*YOUR INSTRUCTIONS*: In the copy, keep every word of the data below and none of its pictures.

(Records contained in a dataset)
....

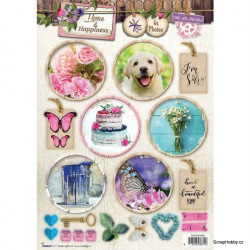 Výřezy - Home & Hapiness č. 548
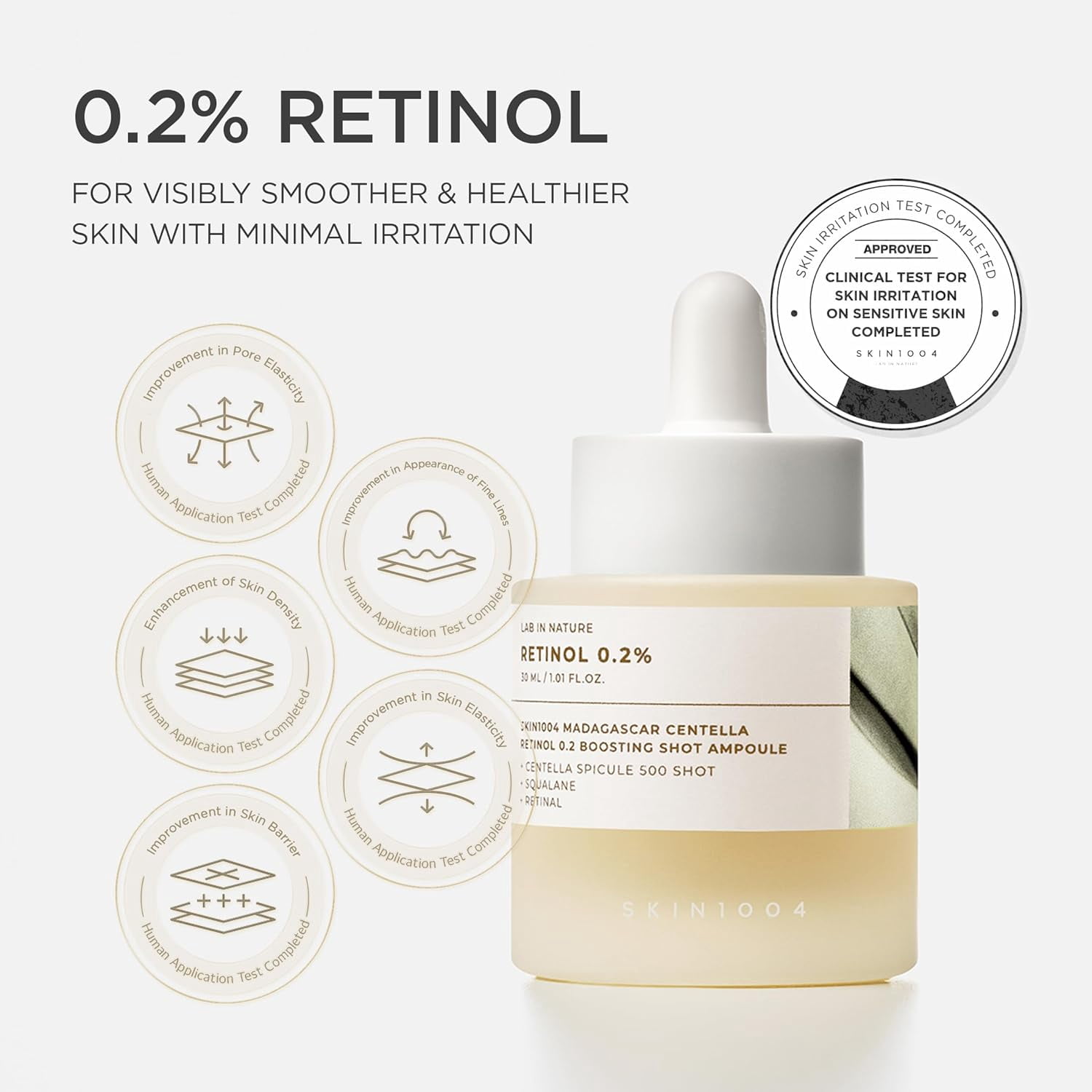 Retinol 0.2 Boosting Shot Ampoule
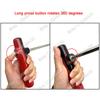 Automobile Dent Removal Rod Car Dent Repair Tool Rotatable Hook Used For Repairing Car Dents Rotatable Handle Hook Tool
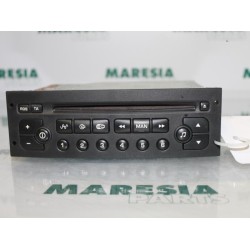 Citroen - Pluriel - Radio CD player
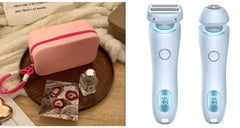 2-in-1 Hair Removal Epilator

....

*COMPLETED EXERCISE*:
 Výřezy - Home & Hapiness č. 548
 Retinol 0.2 Boosting Shot Ampoule
 Automobile Dent Removal Rod Car Dent Repair Tool Rotatable Hook Used For Repairing Car Dents Rotatable Handle Hook Tool
 Citroen - Pluriel - Radio CD player
 2-in-1 Hair Removal Epilator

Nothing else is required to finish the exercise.